EXERCISE DIRECTIONS:
In the data below, find the line that contains "Vita höga sneakers från Tretorn - Säljer" and the line that contains "Youthful ebony teen". Copy both, plus every line between them, exactly.

THE DATA:
+--

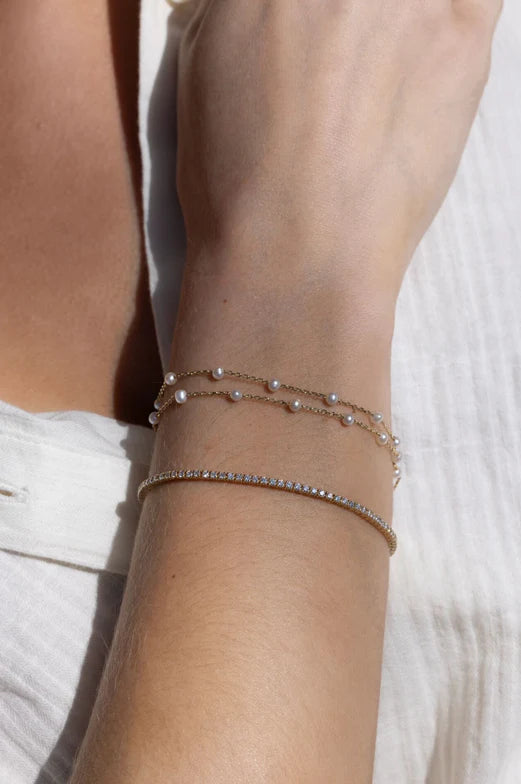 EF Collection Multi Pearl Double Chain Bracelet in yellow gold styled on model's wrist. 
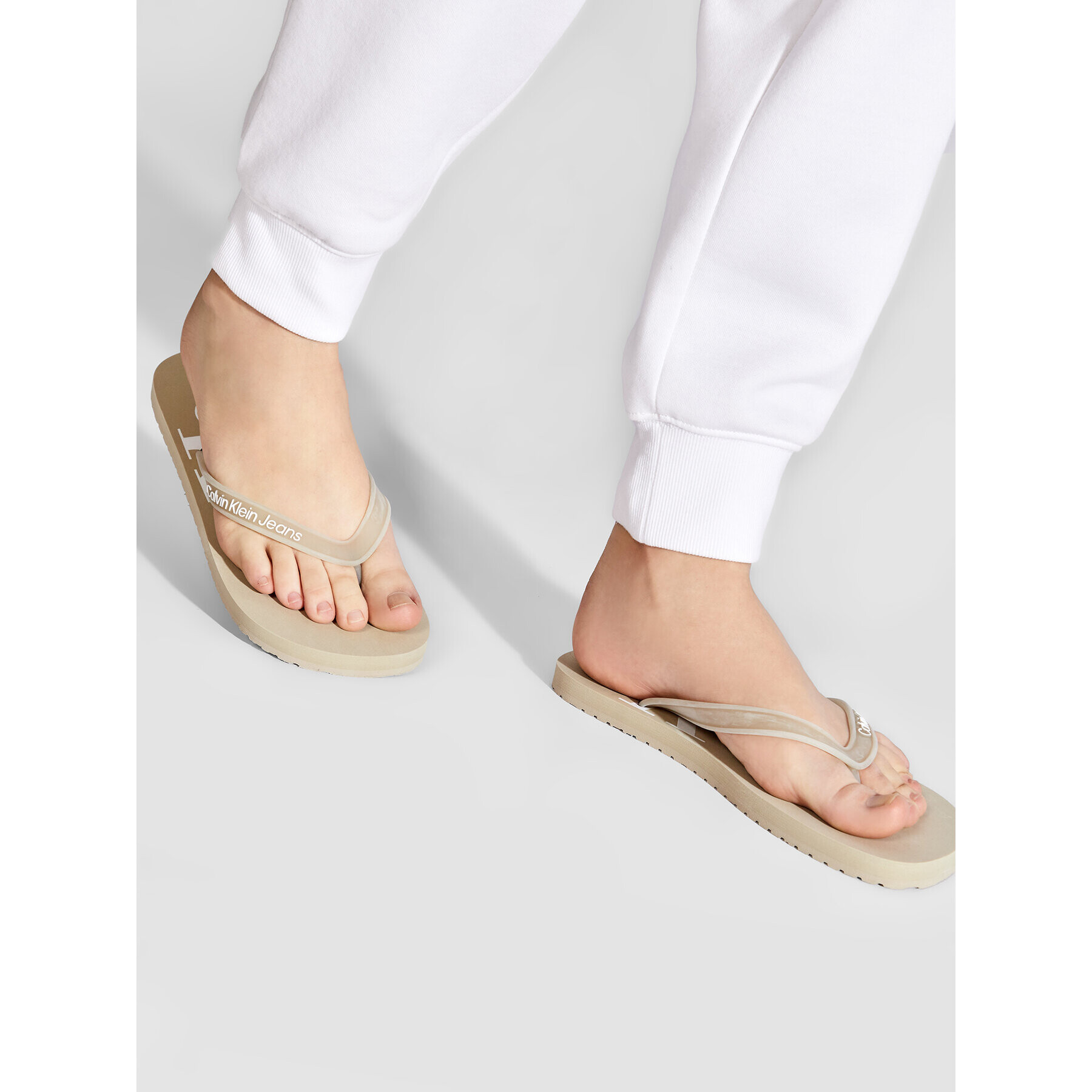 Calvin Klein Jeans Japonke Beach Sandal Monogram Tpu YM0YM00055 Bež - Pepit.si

+--

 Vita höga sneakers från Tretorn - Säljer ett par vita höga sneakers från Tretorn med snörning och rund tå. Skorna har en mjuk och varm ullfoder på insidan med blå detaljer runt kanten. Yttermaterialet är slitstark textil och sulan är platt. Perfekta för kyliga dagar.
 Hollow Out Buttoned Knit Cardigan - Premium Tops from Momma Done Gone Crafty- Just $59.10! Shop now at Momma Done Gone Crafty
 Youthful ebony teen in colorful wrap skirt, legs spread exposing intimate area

+--

COMPLETED EXERCISE:
 Vita höga sneakers från Tretorn - Säljer ett par vita höga sneakers från Tretorn med snörning och rund tå. Skorna har en mjuk och varm ullfoder på insidan med blå detaljer runt kanten. Yttermaterialet är slitstark textil och sulan är platt. Perfekta för kyliga dagar.
 Hollow Out Buttoned Knit Cardigan - Premium Tops from Momma Done Gone Crafty- Just $59.10! Shop now at Momma Done Gone Crafty
 Youthful ebony teen in colorful wrap skirt, legs spread exposing intimate area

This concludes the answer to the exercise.